Do you know what high-performing teams have in common? Psychological safety. That’s right! In fact, GOOGLE recently completed a massive two-year study on team performance, wherein they concluded psychological safety is the one common denominator for high performing teams. As a professional who spends her days working with leaders and teams to reduce conflict, increase engagement, and instill accountability for workplace behaviors and results, that conclusion feels rather validating. But what does it mean to you?
Let’s start with what it means to have a psychologically safe culture at work:
A psychologically safe culture is one wherein leaders at all levels and team members feel empowered to:
- Take moderate risks
- Be creative in how they approach their work and problem solve
- Share ideas, opinions, and observations without fear of harsh judgment, retribution or retaliation
- Own a mistake and participate in fixing it
Now look at what psychologically safe work cultures have that others don’t:
- High levels of team engagement (aka: low turnover, few sick-days, minimal detrimental conflict / optimized collaboration, efficiency, accuracy, creativity, and trust)
- Unified teams motivated by a common mission and big-picture goals
- Maximized individual learning and development (we’re talking genuine training, mentoring, and leadership pipeline)
- Better overall operational results
Pretty straight forward? Maybe. For the organizational leaders reading this, are you fostering a culture of psychological safety? For the team members, are you supporting a culture of psychological safety? How do you know?
To anecdotally answer that, consider these questions: How much time do you spend dealing with, participating in, or hearing about conflict, drama, or conspiracy theories? How is “learning and development” benefitting organizational results? How much energy is spent on re-work, trying to “fix” problems, and what’s NOT right? And I love this one… When was the last time someone disagreed with you and it turned into a productive, trust-building discussion? Hmmmm.
If you think your organization has room to improve on the “psychologically safe scale”, try these three tips:
- Uphold your organizational values and behavioral expectations. Assuming they support a psychologically safe culture, bring them into every experience. Intentionally live the values and expectations, and demonstrate no one is exempt from fostering them – no one. (That includes you.)

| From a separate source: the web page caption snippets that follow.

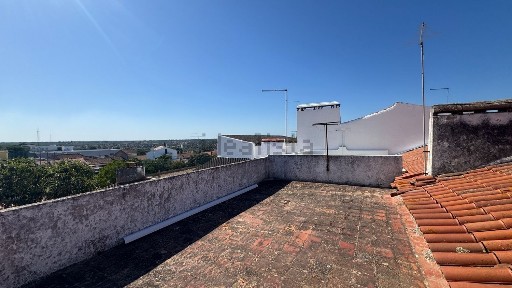 Moradia em banda à venda na Rua dos Lavradores, 61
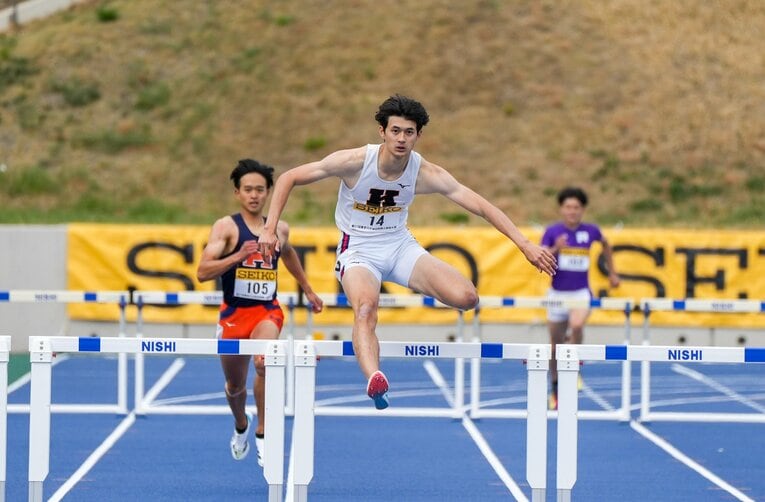 今季初戦の東京六大学対校では400ｍハードルで圧勝　©Satoshi Wada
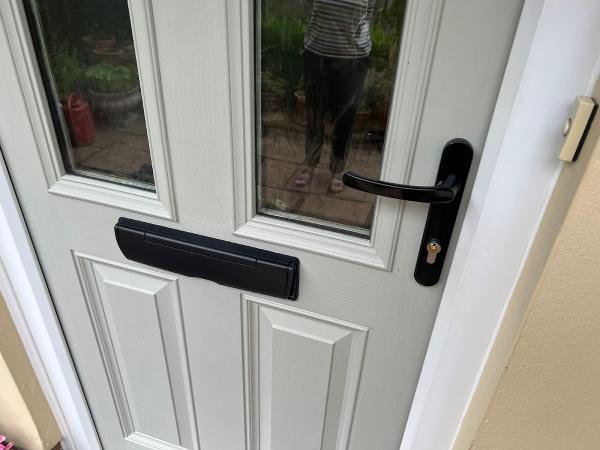 Call Nigel Locksmith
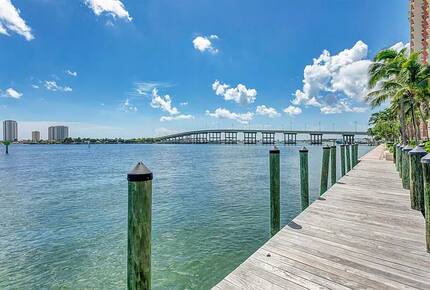 Palm Beach Marina Grande Retreat - Riviera Beach, Florida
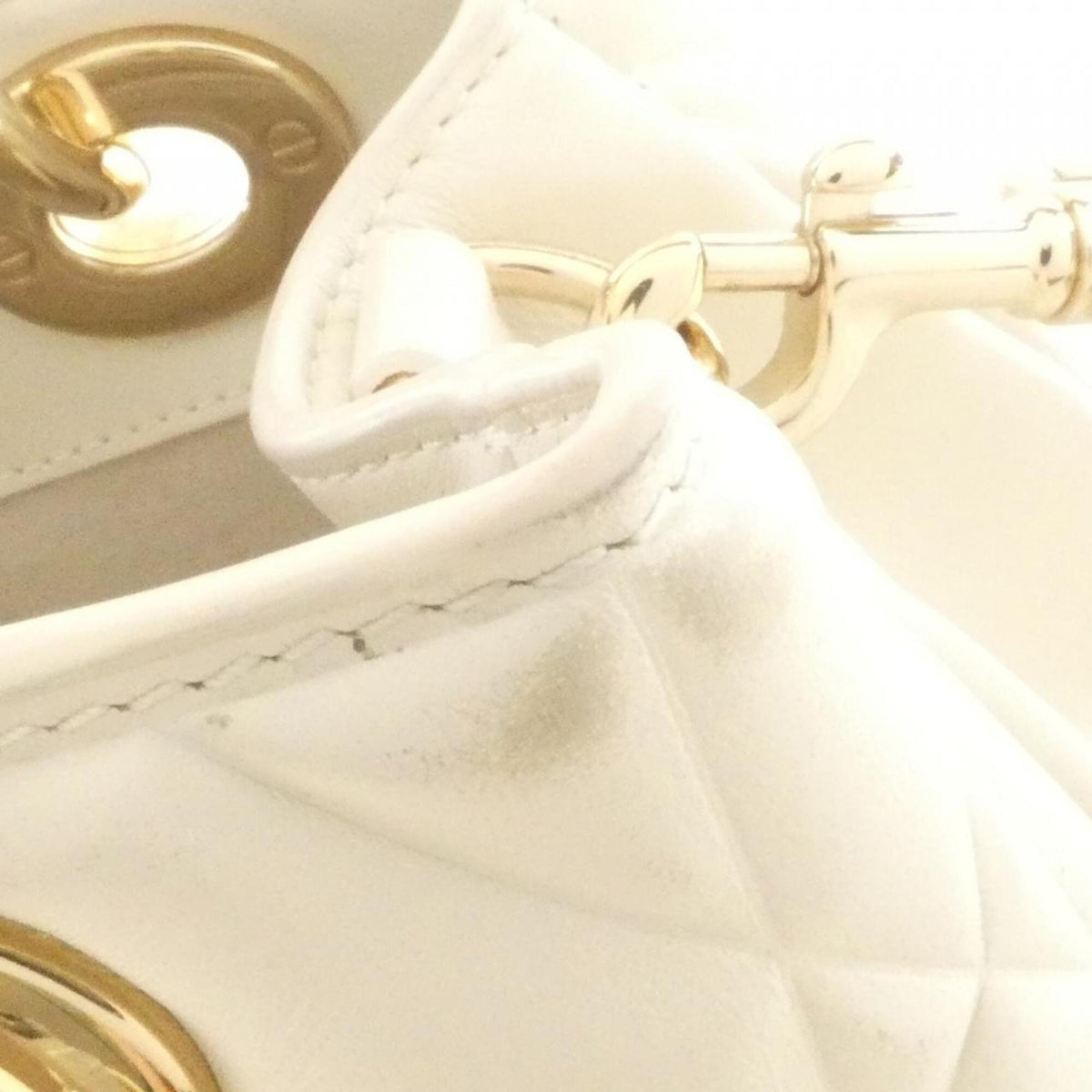 Christian Dior White Leather Handbag (Pre-Owned)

- Cultivate a learning mindset. Replace blame with curiosity. Encourage sharing and experimenting with new ideas. Be open to (and welcoming of) differing opinions. Applaud generative dialogues wherein there is no winner or loser, only the sharing of information and observations, with the common goal of achieving the best results. Converse human-to-human rather than role-to-role.
- Focus on building and maintaining trust. Trust is a top-down endeavor, which must be actively demonstrated and supported by leadership. Anything else results in an unsafe communication culture.
Regardless of your “rank”, I encourage you to take an objective look at how your team communicates with and about each other, how you problem solve, and even how you acknowledge and celebrate accomplishments. If you aren’t quite getting the results you want, remember (as GOOGLE’s massive study confirmed) psychological safety is the one common denominator for high-performing teams.